What you have to do
I'd like an exact copy of every line from the start of the entries below through the line containing "老虎机App slots app：选择与使用要点", please.

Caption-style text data

- - - -

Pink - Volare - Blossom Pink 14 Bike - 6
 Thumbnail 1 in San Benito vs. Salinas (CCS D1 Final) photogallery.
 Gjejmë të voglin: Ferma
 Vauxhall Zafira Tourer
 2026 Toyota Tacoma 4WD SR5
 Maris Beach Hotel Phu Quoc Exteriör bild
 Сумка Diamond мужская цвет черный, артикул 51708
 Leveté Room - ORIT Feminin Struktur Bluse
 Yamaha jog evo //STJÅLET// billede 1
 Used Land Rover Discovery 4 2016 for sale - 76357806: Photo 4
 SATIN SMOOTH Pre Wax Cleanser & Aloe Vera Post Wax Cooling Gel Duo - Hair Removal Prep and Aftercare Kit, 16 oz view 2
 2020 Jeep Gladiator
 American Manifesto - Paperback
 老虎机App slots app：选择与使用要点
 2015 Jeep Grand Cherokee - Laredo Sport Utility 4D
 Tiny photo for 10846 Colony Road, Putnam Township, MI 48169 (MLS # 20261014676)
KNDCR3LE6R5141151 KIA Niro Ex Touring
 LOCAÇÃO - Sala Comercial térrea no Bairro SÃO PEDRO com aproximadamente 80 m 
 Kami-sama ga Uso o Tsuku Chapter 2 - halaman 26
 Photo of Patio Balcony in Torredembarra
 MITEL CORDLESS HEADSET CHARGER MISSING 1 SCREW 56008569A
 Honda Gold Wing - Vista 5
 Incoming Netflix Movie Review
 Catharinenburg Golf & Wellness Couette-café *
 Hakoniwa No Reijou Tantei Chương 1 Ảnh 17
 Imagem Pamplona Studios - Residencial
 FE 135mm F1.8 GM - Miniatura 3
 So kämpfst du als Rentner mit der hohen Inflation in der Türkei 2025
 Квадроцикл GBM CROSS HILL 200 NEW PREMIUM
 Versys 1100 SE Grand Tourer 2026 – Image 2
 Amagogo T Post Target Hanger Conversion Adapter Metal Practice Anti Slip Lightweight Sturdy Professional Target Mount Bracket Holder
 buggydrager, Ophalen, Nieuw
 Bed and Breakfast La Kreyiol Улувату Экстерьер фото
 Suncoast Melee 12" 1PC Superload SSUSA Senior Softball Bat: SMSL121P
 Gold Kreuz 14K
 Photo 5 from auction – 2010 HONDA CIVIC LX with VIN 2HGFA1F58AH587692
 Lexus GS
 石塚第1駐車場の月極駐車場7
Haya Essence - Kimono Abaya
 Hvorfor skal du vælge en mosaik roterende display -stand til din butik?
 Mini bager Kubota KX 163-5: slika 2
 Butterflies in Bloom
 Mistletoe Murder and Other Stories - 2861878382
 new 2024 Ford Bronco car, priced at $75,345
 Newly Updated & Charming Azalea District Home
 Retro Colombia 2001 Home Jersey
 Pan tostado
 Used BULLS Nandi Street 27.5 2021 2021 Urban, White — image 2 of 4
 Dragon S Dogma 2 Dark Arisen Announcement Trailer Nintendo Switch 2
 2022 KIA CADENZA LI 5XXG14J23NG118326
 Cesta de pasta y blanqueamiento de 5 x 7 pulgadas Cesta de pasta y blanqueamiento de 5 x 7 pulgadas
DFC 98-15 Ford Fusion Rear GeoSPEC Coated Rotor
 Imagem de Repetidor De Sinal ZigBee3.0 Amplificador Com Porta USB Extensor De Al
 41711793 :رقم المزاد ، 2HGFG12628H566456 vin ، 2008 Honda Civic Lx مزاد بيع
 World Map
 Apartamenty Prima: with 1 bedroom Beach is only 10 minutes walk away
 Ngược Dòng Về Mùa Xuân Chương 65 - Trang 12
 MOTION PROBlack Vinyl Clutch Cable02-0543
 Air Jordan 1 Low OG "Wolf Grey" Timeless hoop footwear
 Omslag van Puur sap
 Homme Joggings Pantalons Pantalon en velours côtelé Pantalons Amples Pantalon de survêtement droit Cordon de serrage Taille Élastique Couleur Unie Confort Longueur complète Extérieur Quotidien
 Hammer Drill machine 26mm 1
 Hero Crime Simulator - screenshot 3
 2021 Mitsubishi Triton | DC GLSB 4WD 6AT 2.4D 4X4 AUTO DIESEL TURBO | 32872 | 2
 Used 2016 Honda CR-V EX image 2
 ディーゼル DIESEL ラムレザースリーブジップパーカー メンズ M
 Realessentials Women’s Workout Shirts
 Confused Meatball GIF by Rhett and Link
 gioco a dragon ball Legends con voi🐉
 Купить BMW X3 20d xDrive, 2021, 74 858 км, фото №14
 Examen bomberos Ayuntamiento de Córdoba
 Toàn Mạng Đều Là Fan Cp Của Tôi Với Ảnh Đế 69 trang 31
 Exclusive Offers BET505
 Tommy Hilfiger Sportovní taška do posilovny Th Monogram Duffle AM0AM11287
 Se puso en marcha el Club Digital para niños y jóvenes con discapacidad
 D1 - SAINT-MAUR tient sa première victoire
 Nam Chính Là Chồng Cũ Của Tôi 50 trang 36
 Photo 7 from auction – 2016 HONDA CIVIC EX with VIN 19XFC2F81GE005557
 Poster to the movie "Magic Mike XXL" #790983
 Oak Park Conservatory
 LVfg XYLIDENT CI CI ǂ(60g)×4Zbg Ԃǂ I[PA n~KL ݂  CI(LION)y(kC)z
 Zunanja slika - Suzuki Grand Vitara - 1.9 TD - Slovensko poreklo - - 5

- - - -

Answer box
Pink - Volare - Blossom Pink 14 Bike - 6
 Thumbnail 1 in San Benito vs. Salinas (CCS D1 Final) photogallery.
 Gjejmë të voglin: Ferma
 Vauxhall Zafira Tourer
 2026 Toyota Tacoma 4WD SR5
 Maris Beach Hotel Phu Quoc Exteriör bild
 Сумка Diamond мужская цвет черный, артикул 51708
 Leveté Room - ORIT Feminin Struktur Bluse
 Yamaha jog evo //STJÅLET// billede 1
 Used Land Rover Discovery 4 2016 for sale - 76357806: Photo 4
 SATIN SMOOTH Pre Wax Cleanser & Aloe Vera Post Wax Cooling Gel Duo - Hair Removal Prep and Aftercare Kit, 16 oz view 2
 2020 Jeep Gladiator
 American Manifesto - Paperback
 老虎机App slots app：选择与使用要点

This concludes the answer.